If TowerFall: Ascension had launched around the same time as Super Mario Bros, many of us may never have found the princess. It’s not just the pixel-art graphics, but the entire feel of TowerFall that makes it addictive. In every moment, you must gauge how many arrows you have, where the last arrow landed, where enemies (or friends) will drop in and how many shots it will take to obliterate the nearest threat. It’s a whole-brain game with minimal controls, and it’s the most fun I’ve had with a bow and arrow since The Year Of The Bow – or even the 1980s.
Banished is a series of small goals that feed into one ever-looming command: survive. Every game starts in the spring, and before winter hits, you need to get enough firewood, gather a decent supply of food, and build some houses to keep your citizens from freezing to death. Just getting enough food is tough, because you rarely have enough time or free land to get a proper set of crops growing. Instead, you’ll be chopping down as many trees as you can before getting a fishery going in a nearby lake or river. Then you hunker down and hope nobody dies.
People, more than anything else, are your vital resource. They need homes, food, decent clothes, tools, emotional support, medicine, and more. Every mechanic, every building you can place, and everything else you can do relates back to that central theme of survival. If you can’t gather enough food, your people die. If they’re stuck outside for too long, or don’t have warm clothing, they die. Each time you fail as their leader, you’re reminded of the loss with a grating sound and a yellow gravestone. These serve as a one-two punch to punish you for failure because losing citizens makes it that much harder to keep up the resource flow.
Like most games of its type, Banished has a number of natural disasters that strike your populace.
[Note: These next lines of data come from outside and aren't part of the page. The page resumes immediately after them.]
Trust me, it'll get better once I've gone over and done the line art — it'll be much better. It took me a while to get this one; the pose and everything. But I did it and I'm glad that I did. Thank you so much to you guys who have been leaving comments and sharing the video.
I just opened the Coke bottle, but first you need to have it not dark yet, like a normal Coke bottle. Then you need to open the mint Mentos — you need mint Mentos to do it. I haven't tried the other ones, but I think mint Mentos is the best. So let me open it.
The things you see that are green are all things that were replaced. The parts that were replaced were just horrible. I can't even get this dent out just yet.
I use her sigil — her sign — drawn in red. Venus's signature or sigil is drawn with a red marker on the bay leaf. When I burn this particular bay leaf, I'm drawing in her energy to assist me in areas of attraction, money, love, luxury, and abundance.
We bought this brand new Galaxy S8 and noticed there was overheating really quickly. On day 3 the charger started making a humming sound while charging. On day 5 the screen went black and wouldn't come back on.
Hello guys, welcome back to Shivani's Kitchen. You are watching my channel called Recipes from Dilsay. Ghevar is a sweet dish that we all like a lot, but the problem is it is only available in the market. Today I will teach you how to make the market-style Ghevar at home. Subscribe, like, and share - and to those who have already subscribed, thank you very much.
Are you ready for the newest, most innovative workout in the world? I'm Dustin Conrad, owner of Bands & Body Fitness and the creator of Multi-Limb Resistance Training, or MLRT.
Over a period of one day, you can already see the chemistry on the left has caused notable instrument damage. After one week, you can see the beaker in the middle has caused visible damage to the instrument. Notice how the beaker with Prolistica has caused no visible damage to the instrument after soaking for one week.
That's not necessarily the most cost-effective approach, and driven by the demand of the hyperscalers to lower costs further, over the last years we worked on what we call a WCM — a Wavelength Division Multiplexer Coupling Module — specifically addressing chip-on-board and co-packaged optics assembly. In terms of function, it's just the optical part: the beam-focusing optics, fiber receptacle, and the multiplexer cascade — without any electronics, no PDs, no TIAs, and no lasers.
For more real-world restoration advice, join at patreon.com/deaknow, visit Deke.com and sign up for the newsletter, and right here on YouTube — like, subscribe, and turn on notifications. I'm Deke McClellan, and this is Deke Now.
In many ways, they serve as a kind of random “boss fight” in the sense that they will often test one aspect of your infrastructure. Diseases test the health of your population, fires your city planning, and tornadoes your ability to rapidly rebuild before winter comes again. With Banished already amounting to a desperate attempt to stave off death, disasters can be absolutely devastating for the unprepared. When pests hit your crops and you’re already barely squeaking by each year, you’re going to start losing a lot of people. Those kinds of cascading failures contrast with the almost hilarious scenarios that surround SimCity’s giant robots or aliens.
While the process of survival is never-ending, holding out against the elements amid the hostility of the untamed natural world is a small but powerful personal victory. Villagers have names; they’re born, grow up, and eventually die under your intense supervision. Banished reinforces the human drama with its brutal difficulty and negative feedback loops. It’s fertile soil for some of the most remarkable emergent storytelling around. With relatively few, well-designed mechanics, the game weaves a powerful tale of empathy and desperation and is a high-water mark for narrative elements that mutually reinforce mechanics. Even better, this is a very human story divorced from the Western tropes common in the loosely imperialistic messages of other, similar games. It’s just you, your people, and their strong desire to live.